A cemetery swept over by a thick sea
of ivy-berry, the ground knee-deep
with softly rounded gravestones
entirely vined over. A few melancholy
angels and crosses peering out
from the swathed tombs,
but otherwise eerily hushed, twice buried.
New words click over the old words
already drained of life
on-brand, price point, influencer, bingeable.
Once I performed outside with a dance troupe
weaving through a clothesline hung with antique white clothes
while a film about fish was projected onto it,
rainbow bubbles darting along smocks and pinafores.
Pinned to browsers, stories keep opening
all around us: windfall apples soften into early frost,
a woman boards a train at 2 a.m. that moves like starlight,
a dictionary is opened in a bombed library
and a press of forget-me-nots fall out of the spine.
Did you know the mosses are amphibious?
The first plants to emerge from the ocean to anchor
the land in soft threads:
a cabin floor
back of a beetle
across the polar cap
in spheres on lakes
against a wound
Growth in nature both palimpsest and erasure
overlaying one image with fragments
of another, allowing what is abandoned
to reveal itself if we commit to looking.
But what is true of mosses is less true of us
the forest people know.
We drape sheets over the clothesline
and it is the canvas of the day,
a storm brewing, cloud-shapes
and the wind’s ripple and bloom.
We drape one word over the other,
thumb-silence over conversation
distraction over attention
sheets of fire over a forest that breathes for all of us
over hundreds of tribes speaking their own languages
but the shapes of the lost words are not discernible.
I walk into class and tinder is left on the chalkboard.
Ah the associative power of a word, I say, hear tinder
and the thin twigs snap in your fingers as you bend toward the circle of logs.
No, a student corrects, it’s Tinder, the online dating site, and the class snaps to life.
More and more I’m longing for
to dance with each one airily
display their textures in the mantle of night
A sentimental person understands narratives have much to do with her.
Maybe a pathos for nostalgia takes aerial root and starts to grow over a person too.
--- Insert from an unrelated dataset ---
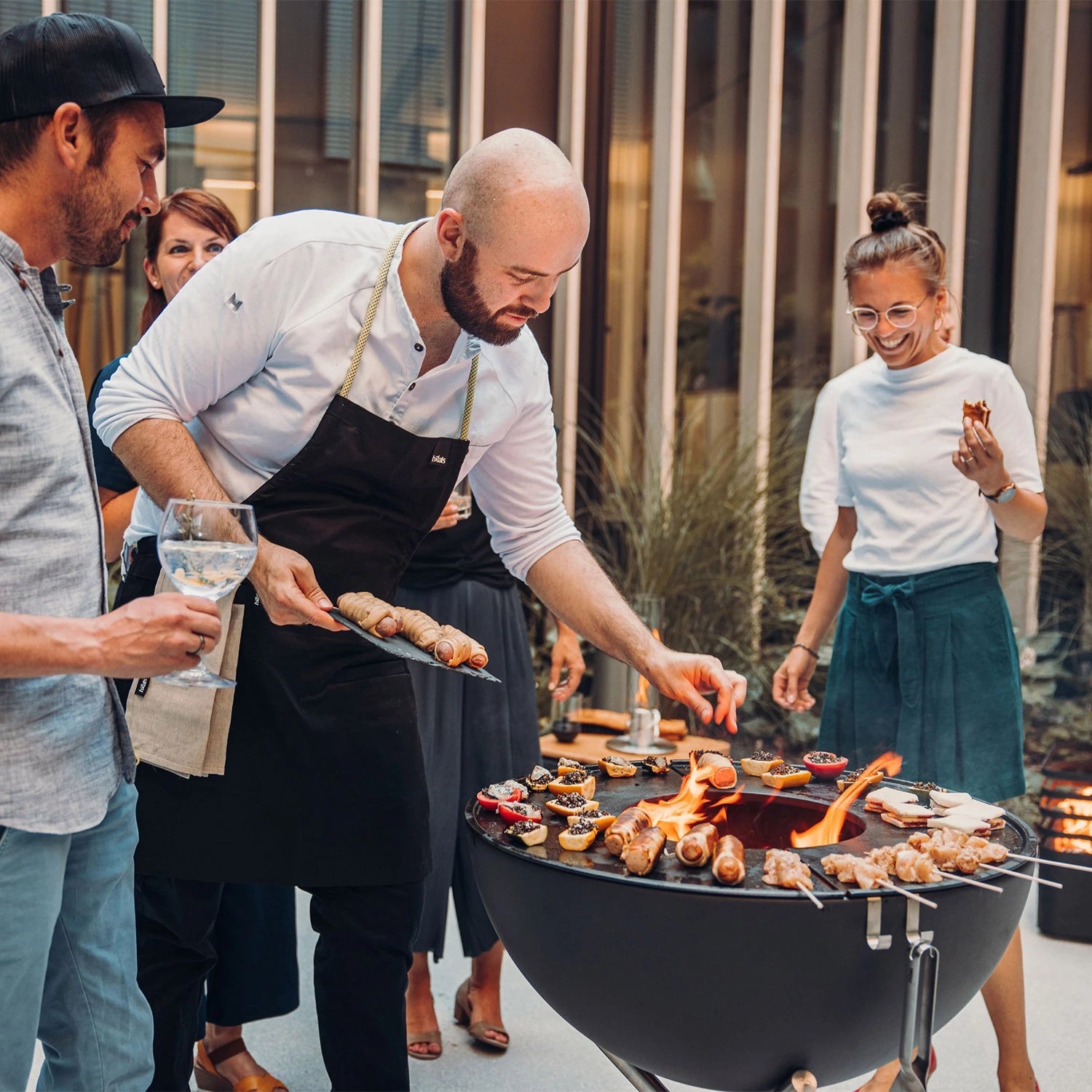 buitenhaard voor barbecue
The word nostalgia once so morbid a longing it was considered a disease.
But our wishes are like tinder: the flint and steel of circumstances are continually striking out sparks.
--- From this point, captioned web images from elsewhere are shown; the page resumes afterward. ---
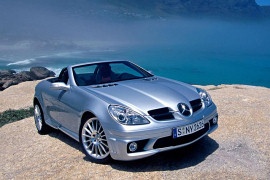 SLK 55 AMG (R171) 2004 - 2008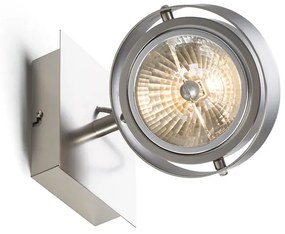 RENDL R10591 CASSIE spot lámpa, forgatható matt nikkel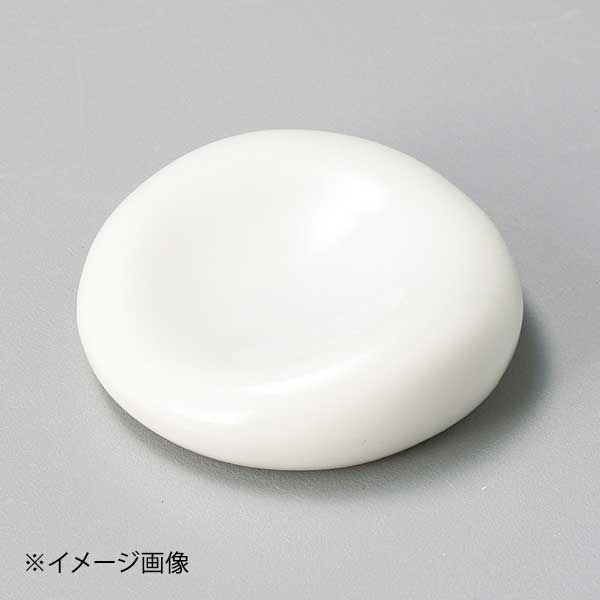 白丸ペコ箸置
Some mosses live on the clouds’ silver lining alone.
Goblin’s gold glitters in the slant-light
of places which scarcely feel the sun
in strings of angled cells sparkling
like the tiny lights of a far-away city
where your relatives once lived.
There are so many ways to resist.
To be a keeper of the discarded, still alive
to the terroir of language and lay claim over it
is to try to save the sea angel, pied tamarin, pangolin,
shoebill which survived the ice age, red panda, the green-winged macaw
from being buried or displaced or burned to the ground.
A washed-out bridge in the fog still crosses over.
The olm salamander has no eyes because it lives in the dark.
The cold light of the fireflies blink to find each other.